Having wanted to get started in the machine learning space for a while now, but being a bit intimidated by not being a “data scientist”, I was introduced to a new AWS service at a recent meetup. Enter AWS Sagemaker AutoPilot, which claims to do the heavy lifting for you.

Machine Learning, Experiment, Data, Machine Learning, Test, AWS Sagemaker Autopilot

The AutoPilot lifecycle

The Spiel

Prior to writing this article, my personal ML experience was effectively zero, so this article will hopefully help you if you have an ML experiment that you would like to try out but don’t know where to start. By the end of this, you should have a deployed machine learning algorithm that can be easily invoked via a REST endpoint. At the time of writing, AutoPilot is still in preview so these steps are subject to change.

The Context

A recent Tigerspike innovation day where we partnered with a transport provider and AWS led to an opportunity to get my hands dirty with ML. The hypothesis:

“Can we leverage available data on bus occupancy to better inform user’s travel patterns by predicting how full a bus will be when it reaches their stop?”

The Input Data

For me, this meant checking out publically available data available on OpenData. For you, this means pulling together a csv of data that includes both the column you want to predict and parameters that may affect it. In my example, I’m interested in the “Capacity Bucker” field as an output to represent how full the bus was.

Top Tips: The first time I did this, I included every field in the data-set, this didn’t turn out too well as it confused the model with irrelevant inputs and increased the time it took to generate the model exponentially. If you know a column isn’t relevant, delete it. Also, ensure your data is correctly marked as a string where needed (encapsulate them with quotes) as this helps the model determine what is a categorical value vs numerical. In the example below, I tag the bus route as categorical by using quotation marks to inform SageMaker that there are set of bus routes rather than 372 being a numerical value that relates to the bus.

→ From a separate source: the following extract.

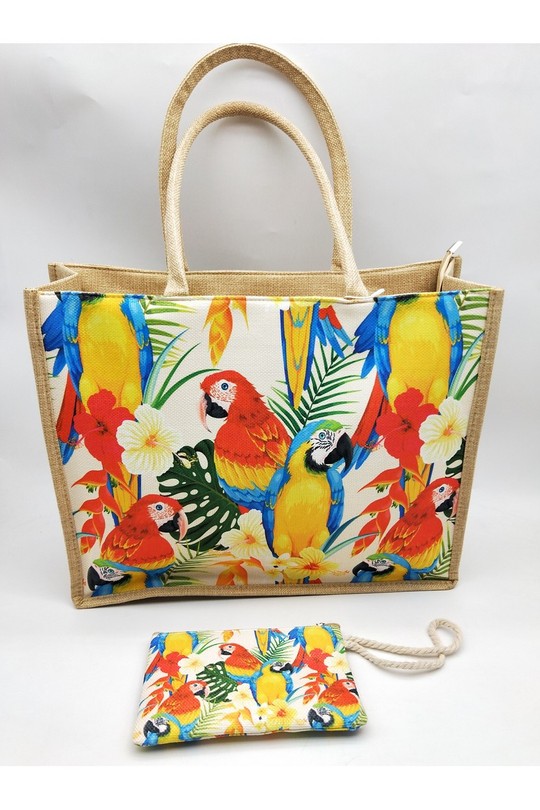 Cabas Maroquinerie Multicolore LX MODA BKD-5688- Efashion Paris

Input Data, Experiment, Data, Machine Learning, Test,

Input data for my model on bus capacity. Note the categorisation of ROUTE and TRANSIT_STOP

Getting started with SageMaker AutoPilot

Now for the fun bit! Log into AWS and go to AWS SageMaker. You should see a link for AWS SageMaker studio. Add a user, if you don’t have one already (you can use the default values) and once that is complete click “Open Studio” to launch Jupyter lab.

Experiment, Data, Machine Learning, Test, AWS Sagemaker Autopilot

AWS SageMaker Studio’s Control Panel once a user has been added

This will launch a welcome screen where you can get straight into an AutoPilot experiment. Hit the button below to begin.

Experiment, Data, Machine Learning, Test, AWS Sagemaker Autopilot

This is where you set up your experiment and where AutoPilot shines. It makes a whole heap of assumptions around your data so you only need to provide it with a few details:

Experiment name: Come up with something cool, but bear in mind if you take this further you’ll have many of these experiments before you settle on your model. Think ahead.

S3 location of input data: I’ll not go into this step in too much detail. Go and create an AWS bucket and upload your csv file(s) to it (ensure the name aligns with the permissions of the user you set up). If you set up your user correctly, you shouldn’t need to change anything from the default settings of the bucket.

Target attribute name: This is the column name that you are trying to predict.

S3 location for output data: You can create a separate bucket or use a folder within your first bucket here. This is where your actual model will be stored.

Machine learning problem type: None of these options meant anything to me as a data science newbie. Luckily AutoPilot swoops in and offers to work it out for you, so you can leave this as “Auto”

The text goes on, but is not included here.